Atlantic Insight was a general interest magazine for the Atlantic provinces, published monthly. The magazine covered regional news and events, local trends, politics, and business; the magazine also published biographical articles on entertainers and businesspeople from Atlantic Canada.

==History==
Atlantic Insight was founded in Halifax, Nova Scotia by writer Harry Bruce and publisher and real estate investor Bill Belliveau in 1979. After working for several years in Halifax, Bruce aimed to use his connections with various freelance writers in Atlantic Canada such as Marilyn MacDonald to start an independent publication, and worked with Belliveau to establish Atlantic Insight. Belliveau commissioned a market research study which indicated that people in Atlantic Canada were purchasing over 900,000 magazines and determined a demand for a new quality magazine covering their communities. The first issue of Atlantic Insight was published in April 1979, with Bruce as the editor and Marilyn MacDonald as the managing editor.

By October 1980, Atlantic Insight was circulating 60,000 copies per month; 58,000 copies of the magazines were being sold directly to subscribers, with the balance circulated amongst newsstands. Speaking to a reporter from The Canadian Press, Belliveau predicted that sales of Atlantic Insight would soon plateau. He predicted that Atlantic Insight would not exceed 77,000 monthly sales based on average growth of magazines in the area.

In April 1981, Atlantic Insight published an article written by staffer Jon Everett titled "Chatham fights for its life", in which Everett discusses the closure of CFB Chatham and the adverse economic impact he thought would be felt by the community as a result. The article quoted remarks from the Mayor of Chatham, Edward Maher, which drew the ire of Chatham Chamber of Commerce President Richard Jardine for what he said were inaccuracies in Maher's information on CFB Chatham.

In February 1982, Atlantic Insight acquired the subscriber list of Tantramar magazine in New Brunswick after it ceased publication. Subscribers to Tantramar began receiving issues of Atlantic Insight in March 1982 as a replacement to carry out their subscriptions from Tantramar.

In October 1982, the company which owned Atlantic Insight, Impact Publishing, was placed in receivership by the Business Development Bank of Canada. Around the time Atlantic Insight entered receivership proceedings, Marilyn MacDonald became president of a new company, Northeast Publications, which purchased Atlantic Insight. Details regarding ownership of the company were not made public, however MacDonald stated in a press release that there would be "a significant element of regional ownership". The only other listed corporate officer of Northeast Publications was Peter McDonough, the husband of Nova Scotia New Democratic Party leader Alexa McDonough. Atlantic Insight would undergo another change of ownership in 1983, when Atlantic Insight publisher Jack Daley, James Sedgewick, and two associated companies purchased nearly all of the shares of Atlantic Insight.
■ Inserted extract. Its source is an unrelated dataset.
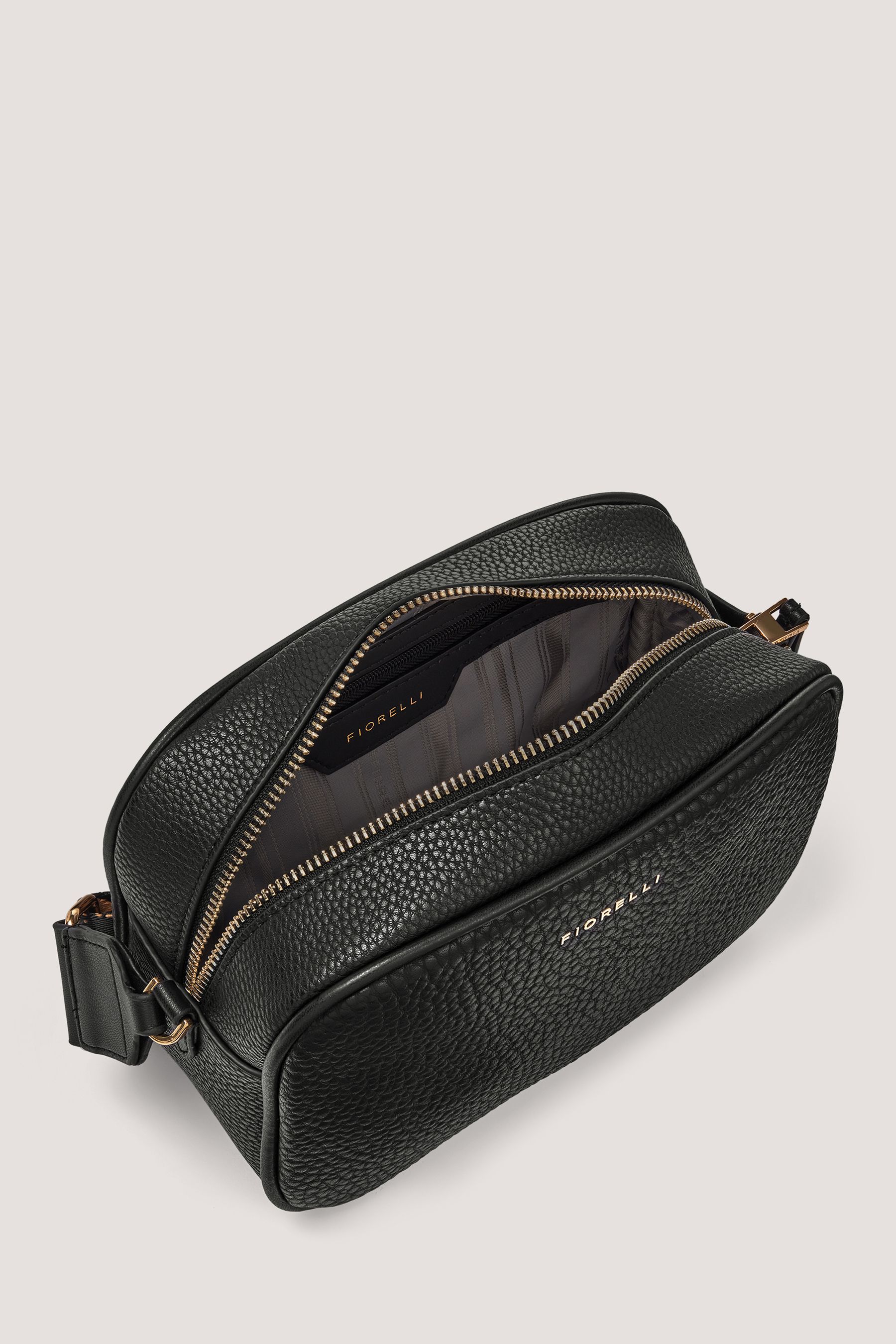 Buy Fiorelli Lyra Cross Body Bag from the Next UK online shop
The new company also had the name Northeast Publications, and in their first press release a spokesperson from the company stated that Daley had brought Atlantic Insight back to its previous circulation of 60,000 magazines per month after a previous decline in subscriptions. In 1984, some of Harry Bruce's articles in Atlantic Insight were republished in his 1984 book Each Moment as it Flies.

Atlantic Insight was placed in receivership again in early 1985. The magazine was purchased by James Lorimer and Touche Ross, with Lorimer subsequently branching off the advertising sales department of Atlantic Insight to Daley Communications, a Halifax marketing firm owned by Jack Daley.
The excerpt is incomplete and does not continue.